### Recorded data:
--- --- ---

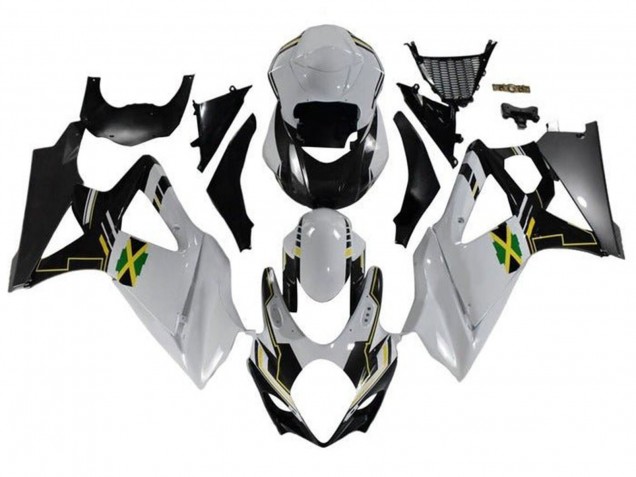 2007-2008 White Black Jamaica Suzuki GSXR 1000 Motorcycle Fairings Australia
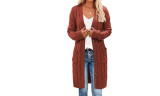 Womens Button Down Chunky Knit Cardigan with Pocket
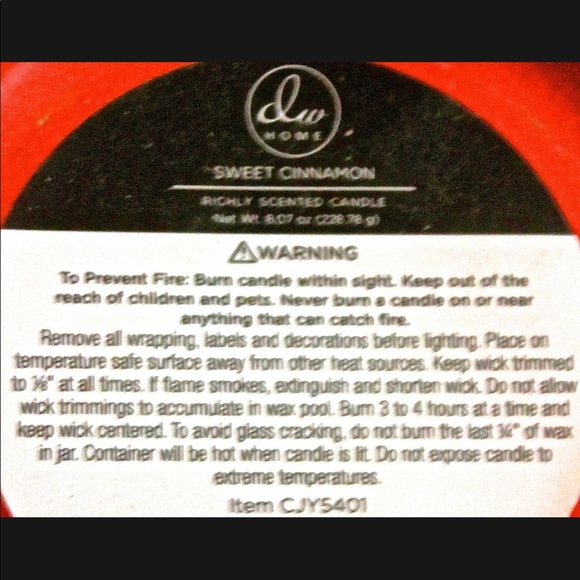 DW HOME CANDLE SWEET CINNAMON RICHLY SCENTED NEW - Picture 4 of 4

--- --- ---

### Requirement:
Transcribe the data completely. No pictures should appear in the transcription.

### Written response:
 2007-2008 White Black Jamaica Suzuki GSXR 1000 Motorcycle Fairings Australia
 Womens Button Down Chunky Knit Cardigan with Pocket
 DW HOME CANDLE SWEET CINNAMON RICHLY SCENTED NEW - Picture 4 of 4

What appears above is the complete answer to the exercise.